Note that as of torch version 2.2, a warning "enable_nested_tensor is True" will be printed. This flag was not available in the torch version used to train the model, and it should be safe to ignore the warning.

Generating signal peptides

The script generate_sequences.py can generate signal peptides using top-p sampling for a given mature protein sequence and host organism.

This example generates 1000 SPs for a Xylanase in Bacillus subtilis (1423).

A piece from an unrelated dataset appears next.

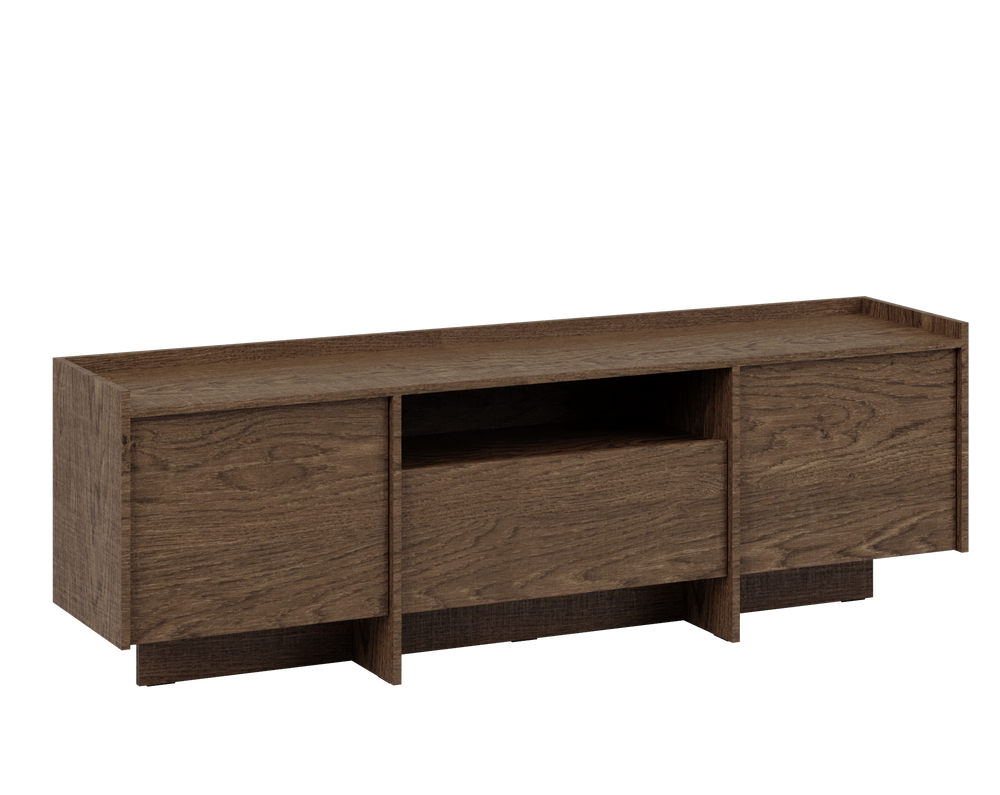 Akari Modernes TV-Lowboard 175 cm mit Push-to-Open Funktion in Baltic Storm Eiche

python3 generate_sequences.py test_samples.csv --org_id 1423 --seq "GSRTITNNEMGNHSGYDYELWKDYGNTSMTLNNGGAFSAGWNNIGNALFRKGKKFDSTRTHHQLGNISINYNASFNPGGNSYLCVYGWTQSPLAEYYIVDSWGTYRPTGAYKGSFYADGGTYDIYETTRVNQPSIIGIATFKQYWSVRQTKRTSGTVSVSAHFRKWESLGMPIGKMYETAFTVEGYQSSGSANVMTNQLFIGN" --top_p 0.75

Benchmark data

SecretoGen was evaluated on a set of studies that experimentally evaluated the secretion efficiency of signal peptides. If you reuse the data, please cite the respective original works.

Grasso et al.

@article{doi:10.1021/acssynbio.2c00328,
author = {Grasso, Stefano and Dabene, Valentina and Hendriks, Margriet M. W. B. and Zwartjens, Priscilla and Pellaux, René and Held, Martin and Panke, Sven and van Dijl, Jan Maarten and Meyer, Andreas and van Rij, Tjeerd},
title = {Signal Peptide Efficiency: From High-Throughput Data to Prediction and Explanation},
journal = {ACS Synthetic Biology},
volume = {12},
number = {2},
pages = {390-404},
year = {2023},
doi = {10.1021/acssynbio.2c00328},
note ={PMID: 36649479},
URL = {https://doi.org/10.1021/acssynbio.2c00328},
eprint = { https://doi.org/10.1021/acssynbio.2c00328}
}

Wu et al.

@article{doi:10.1021/acssynbio.0c00219,
author = {Wu, Zachary and Yang, Kevin K. and Liszka, Michael J. and Lee, Alycia and Batzilla, Alina and Wernick, David and Weiner, David P. and Arnold, Frances H.},
title = {Signal Peptides Generated by Attention-Based Neural Networks},
journal = {ACS Synthetic Biology},
volume = {9},
number = {8},
pages = {2154-2161},
year = {2020},
doi = {10.1021/acssynbio.0c00219},
note ={PMID: 32649182},
URL = {https://doi.org/10.1021/acssynbio.0c00219},
eprint = {https://doi.org/10.1021/acssynbio.0c00219}
}

Xue et al.

@article{https://doi.org/10.1002/advs.202203433,
author = {Xue, Songlyu and Liu, Xiufang and Pan, Yuyang and Xiao, Chufan and Feng, Yunzi and Zheng, Lin and Zhao, Mouming and Huang, Mingtao},
title = {Comprehensive Analysis of Signal Peptides in Saccharomyces cerevisiae Reveals Features for Efficient Secretion},
journal = {Advanced Science},
volume = {10},
number = {2},
pages = {2203433},
doi = {https://doi.org/10.1002/advs.202203433},
url = {https://onlinelibrary.wiley.com/doi/abs/10.1002/advs.202203433},
eprint = {https://onlinelibrary.wiley.com/doi/pdf/10.1002/advs.202203433},
year = {2023}
}

Zhang et al.

@article{zhang_optimal_2016,
title = {Optimal secretion of alkali-tolerant xylanase in {Bacillus} subtilis by signal peptide screening},
volume = {100},
issn = {1432-0614},
url = {https://doi.org/10.1007/s00253-016-7615-4},
doi = {10.1007/s00253-016-7615-4},
language = {en},
number = {20},
urldate = {2022-11-22},
journal = {Applied Microbiology and Biotechnology},
author = {Zhang, Weiwei and Yang, Mingming and Yang, Yuedong and Zhan, Jian and Zhou, Yaoqi and Zhao, Xin},
month = oct,
year = {2016},
pages = {8745--8756},
}

Baseline methods

compute_perplexity_progen.py and compute_perplexity_spgen.py work on the same input format. For SPGen, you will have to edit the checkpoint paths on lines 23 to 26. Checkpoints were prepared by extracting the state dicts from the checkpoints in the original SPGen repository, so that loading the checkpoint files does no longer depend on the SPGen directory structure for dependencies.